* Short descriptive text snippets *
<<<<
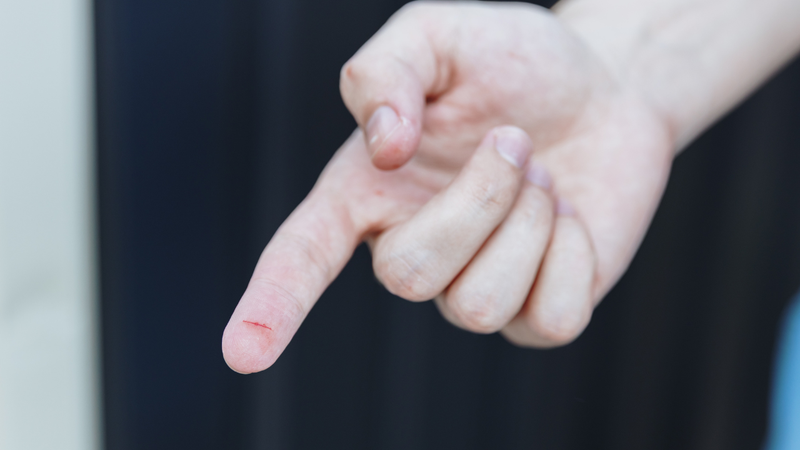 Nếu máu chảy kéo dài hoặc khó kiểm soát, đây có thể là dấu hiệu cảnh báo những vấn đề bất thường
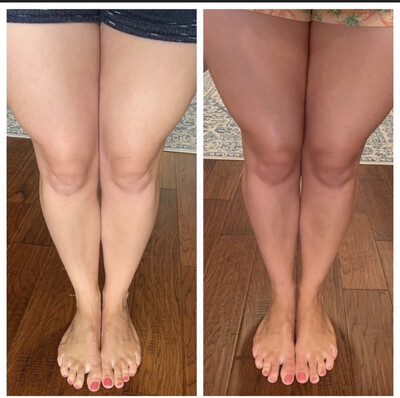 InstaGlo Sunless Tanner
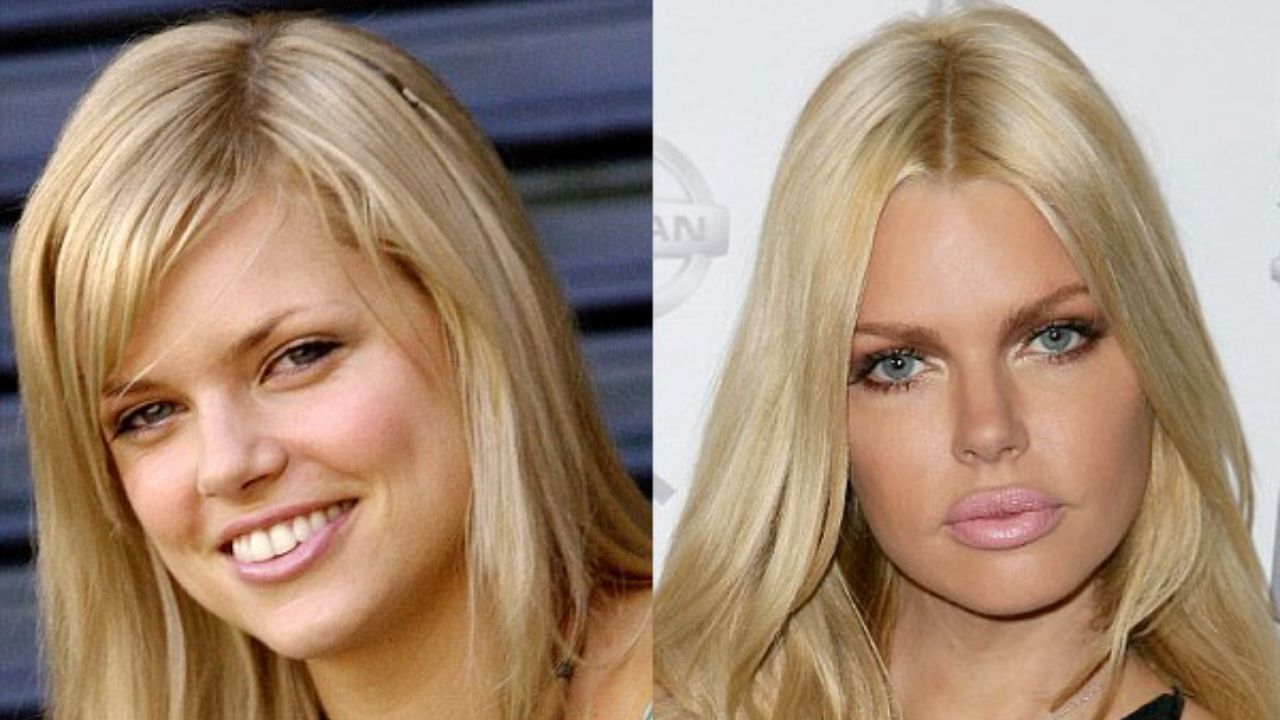 Sophie Monk before and after plastic surgery. houseandwhips.com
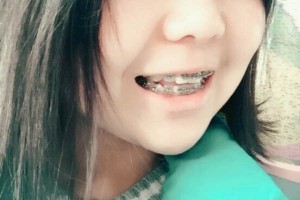 四川華西口腔醫(yī)院？牙齒矯正術(shù)后分享！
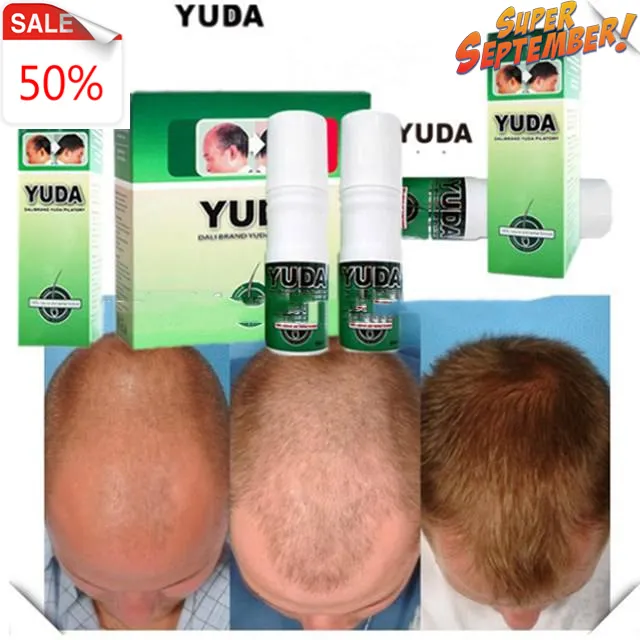 Amostra livre de tratamento de cabeça careca yida, tratamento de crescimento do cabelo novo, tratamentos anti perda de cabelo, kit de spray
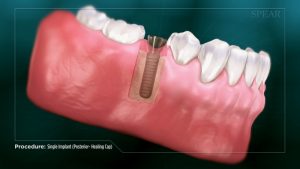 single dental implant cap video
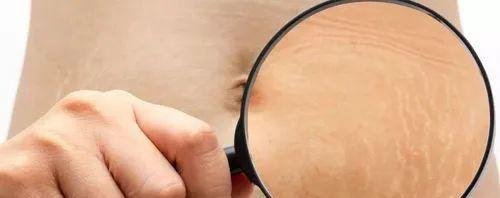妊娠纹镜头该被剪掉吗？或许这才是怀孕后的人间真实！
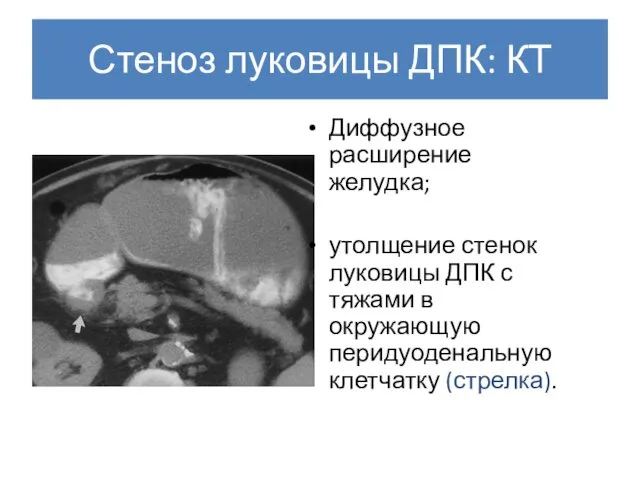 Стеноз луковицы ДПК: КТ Диффузное расширение желудка; утолщение стенок луковицы ДПК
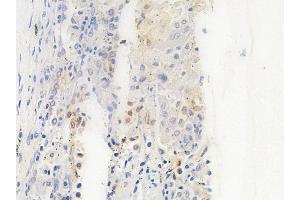 ABIN6263071 and ABIN6266879 at 1/100 staining human lung squamous cell carcinoma by IHC-P. (Melanoma Antigen Family D, 4 (MAGED4) (C-Term) Antikörper)
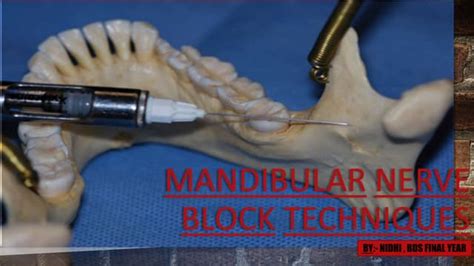 Mandibular Nerve Block Techniques Ppt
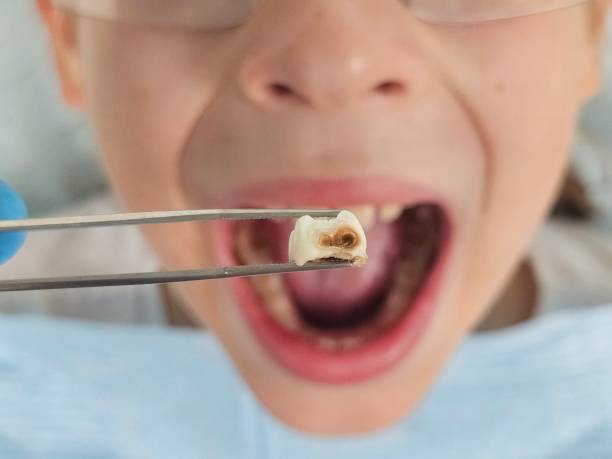 Best Emergency Treatment for Toothache in Ottawa, IL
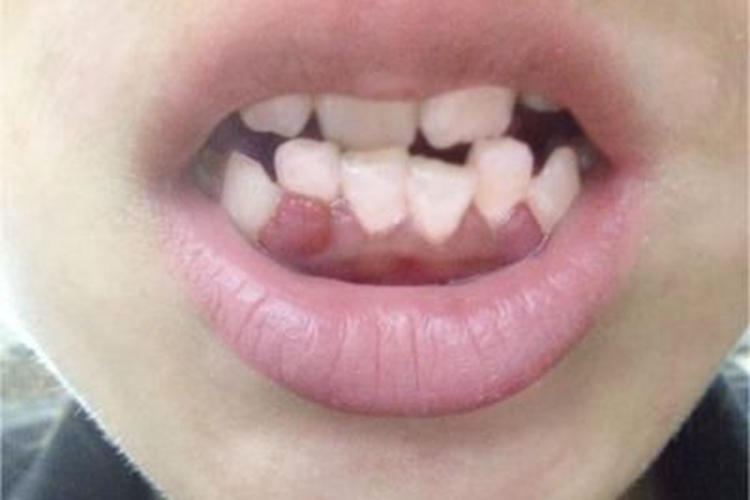 牙龈炎牙龈出现一处红肿图 牙龈炎牙龈出现一处红肿图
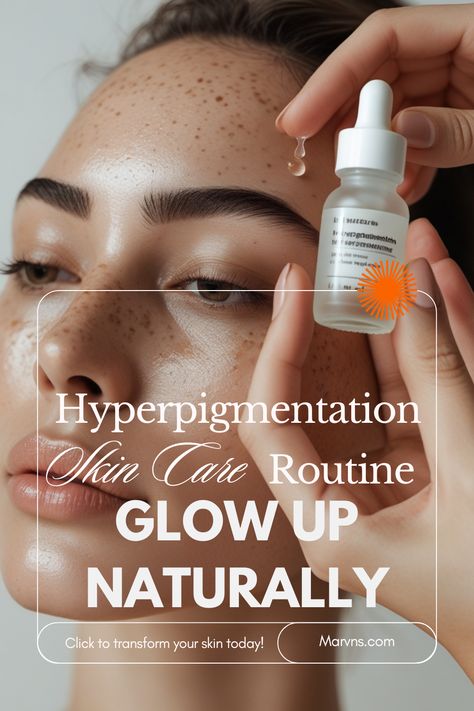 Struggling with uneven skin tone? Discover the ultimate hyperpigmentation skin care routine designed to brighten and even your complexion. Learn how to get rid of hyperpigmentation with targeted hyperpigmentation products and the power of a Hyperpigmentation Serum. Perfect for hyperpigmentation black skin, this routine will help you achieve a radiant, flawless glow. Glow Up Naturally, Hyperpigmentation Products, Hyperpigmentation Black Skin, Hyperpigmentation Serum, Skin Care Hyperpigmentation, Get Rid Of Hyperpigmentation, Uneven Skin, Uneven Skin Tone, Care Routine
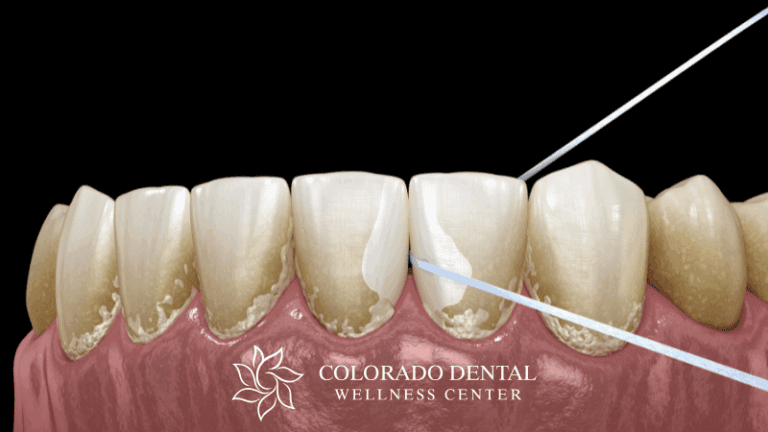Plaque Build-Up vs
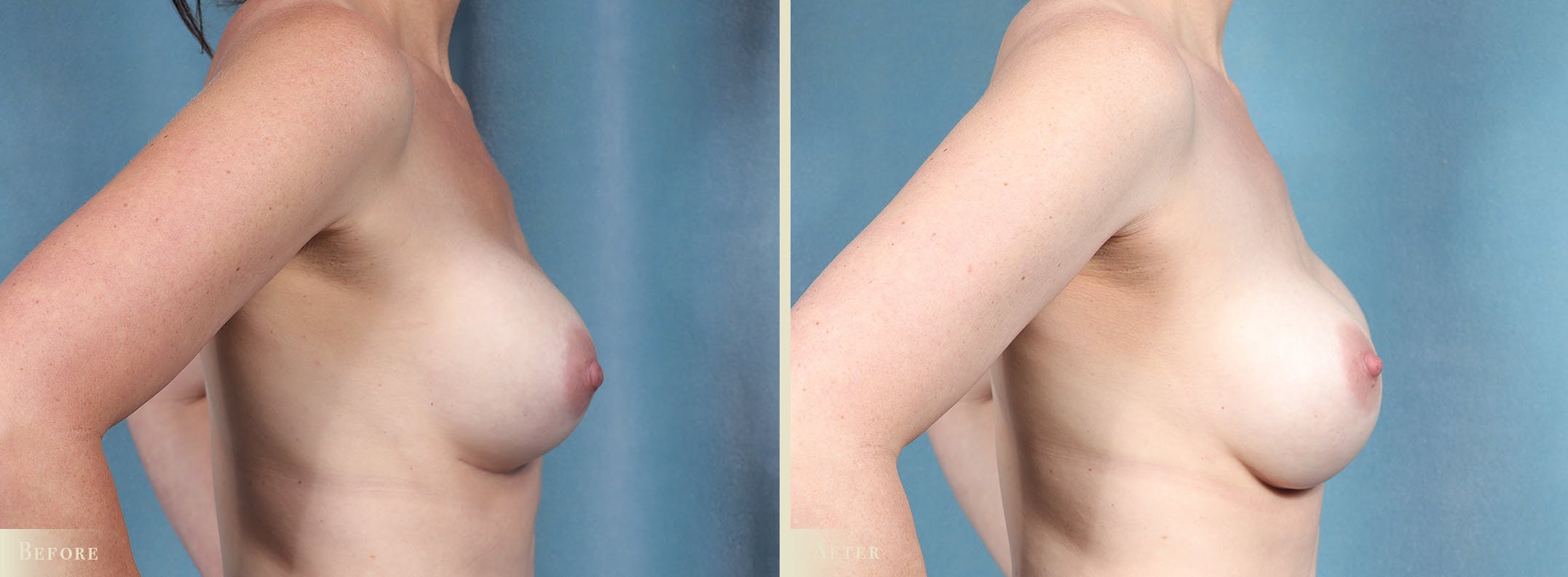 Breast Implant Revision/Replacement Before & After Gallery - Patient 132053 - Image 3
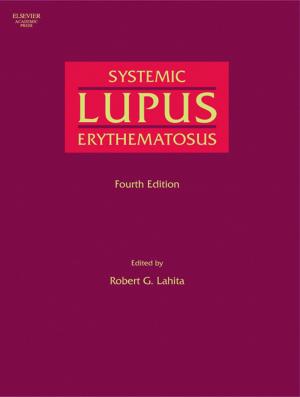 Cover of the book Systemic Lupus Erythematosus by Boualem Boashash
>>>>
Could you give all the records again, exactly, minus the pictures?

 Nếu máu chảy kéo dài hoặc khó kiểm soát, đây có thể là dấu hiệu cảnh báo những vấn đề bất thường
 InstaGlo Sunless Tanner
 Sophie Monk before and after plastic surgery. houseandwhips.com
 四川華西口腔醫(yī)院？牙齒矯正術(shù)后分享！
 Amostra livre de tratamento de cabeça careca yida, tratamento de crescimento do cabelo novo, tratamentos anti perda de cabelo, kit de spray
 single dental implant cap video
妊娠纹镜头该被剪掉吗？或许这才是怀孕后的人间真实！
 Стеноз луковицы ДПК: КТ Диффузное расширение желудка; утолщение стенок луковицы ДПК
 ABIN6263071 and ABIN6266879 at 1/100 staining human lung squamous cell carcinoma by IHC-P. (Melanoma Antigen Family D, 4 (MAGED4) (C-Term) Antikörper)
 Mandibular Nerve Block Techniques Ppt
 Best Emergency Treatment for Toothache in Ottawa, IL
 牙龈炎牙龈出现一处红肿图 牙龈炎牙龈出现一处红肿图
 Struggling with uneven skin tone? Discover the ultimate hyperpigmentation skin care routine designed to brighten and even your complexion. Learn how to get rid of hyperpigmentation with targeted hyperpigmentation products and the power of a Hyperpigmentation Serum. Perfect for hyperpigmentation black skin, this routine will help you achieve a radiant, flawless glow. Glow Up Naturally, Hyperpigmentation Products, Hyperpigmentation Black Skin, Hyperpigmentation Serum, Skin Care Hyperpigmentation, Get Rid Of Hyperpigmentation, Uneven Skin, Uneven Skin Tone, Care Routine
Plaque Build-Up vs
 Breast Implant Revision/Replacement Before & After Gallery - Patient 132053 - Image 3
 Cover of the book Systemic Lupus Erythematosus by Boualem Boashash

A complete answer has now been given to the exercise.